Angesprochen auf seine Haltung zur allgemeinen Impfpflicht stellt Hendrik Streeck drei Schritte dar (ab Minute elf), die seines Erachtens durchgeführt werden sollten, bevor man eigentlich wirklich über Sinn oder Unsinn einer Impfpflicht diskutieren könne. Sein Hauptkritikpunkt an der Impfpflicht bezieht er ausdrücklich auf das Interesse der Politik am Genesenenstatus: "Wir behandeln den sehr stiefmütterlich."

Streeck betont, dass die Studienlage den sehr guten Schutz nach einer Genesung belege. Daher besteht seine klare Forderung nicht darin, die Festlegung der offiziellen Genesenenschutzdauer wieder auf sechs Monate zurückzusetzen, sondern sie lautet schlicht und eindeutig: Impfstatus und Genesenenstatus müssten gleichgestellt werden.

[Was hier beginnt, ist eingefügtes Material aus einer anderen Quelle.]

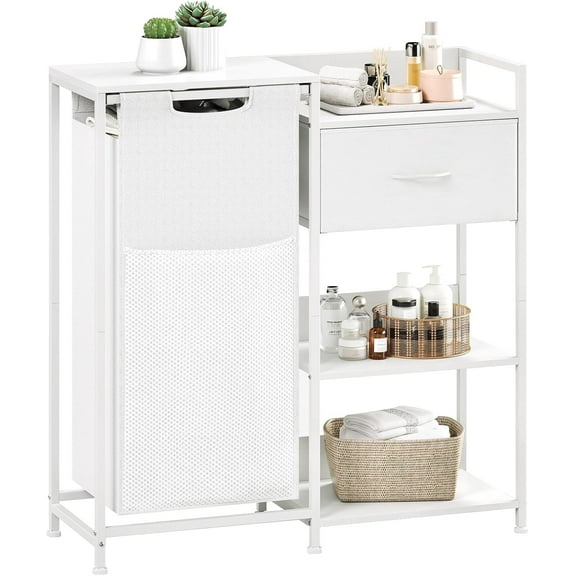 Laundry Hamper with Fabric Drawer and Shelves, Laundry Basket Sorter with 15.8 Gallons (60L) Pull-Out and Removable Bag, White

Als weitere notwendige Ergänzung schlägt Streeck vor, den Antikörper-Nachweis als Nachweis für den Genesenenstatus zu akzeptieren (bei Masern gilt dies ebenfalls in Deutschland). Als dritter Schritt ist eine repräsentative Studie notwendig, um herauszufinden, wie viele Menschen, keinen Schutz haben:

Wir wissen nicht, wer Schutz hat. Wir wissen gar nicht, über was für einen Prozentsatz in der Bevölkerung wir eigentlich reden, womit wir solche drakonischen Maßnahmen einführen wollen wie eine Impfpflicht. Ich habe die Sorge, wir rennen da hinterher, um etwas durchzupeitschen, eine Impfwunschquote.